Hamburg: Hauptstadt der späten Mütter

Mehr Nachwuchs in Hamburg – fast jedes dritte Neugeborene hat eine Mutter, die älter als 35 Jahre ist – höchster Wert in Deutschland.

Hamburg, 9. März 2017. 19.768 Kinder kamen im Jahr 2015 in Hamburg zur Welt. Das sind 729 Neugeborene bzw. 3,83 Prozent mehr als im Jahr zuvor (2014: 19.039 Neugeborene). Damit setzt sich der Trend zu mehr Nachwuchs in der Hansestadt fort. Er überragt sogar die bundesweite Steigerungsrate von 3,17 Prozent. Die Krankenkasse IKK classic hat dazu aktuelle Zahlen der Statistischen Ämter des Bundes und der Länder ausgewertet.
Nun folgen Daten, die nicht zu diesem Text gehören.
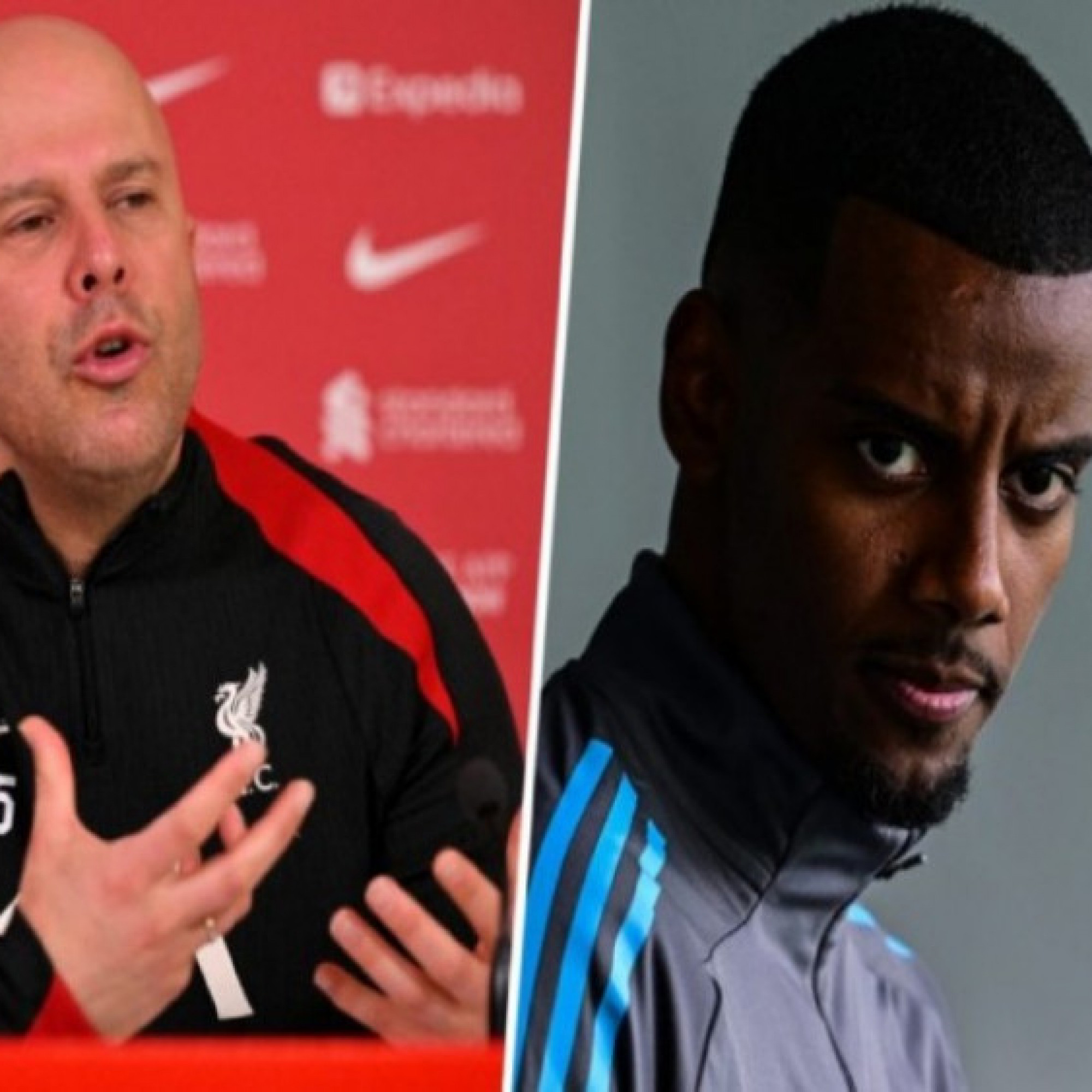  - Chuyển nhượng Isak bế tắc: HLV Slot gửi thông điệp trước đại chiến Liverpool - Newcastle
Auffällig ist demnach auch, dass immer mehr Frauen über 35 Jahren Mütter werden. Im Jahr 2015 betrug der Anteil der späten Mütter bundesweit 23,12 Prozent, den Spitzenwert lieferte Hamburg. „Fast 30 Prozent (29,49 Prozent) der Hamburger Babys, die 2015 entbunden wurden, haben Mütter, die über 35 Jahre älter als sie selbst sind“, sagt Peter Rupprecht von der IKK classic. „Im Jahr 2005 betrug der Wert in der Hansestadt knapp 26 Prozent, im Jahr 2000 lag er unter 21 Prozent.“

Nach Hamburg mit dem größten Anteil an späten Müttern folgten im Jahr 2015 Berlin mit 26 Prozent und Bayern mit 25 Prozent, den geringsten Anteil mit 17 Prozent hat Sachsen-Anhalt. Über das Alter der Väter gibt die Statistik keine Auskunft.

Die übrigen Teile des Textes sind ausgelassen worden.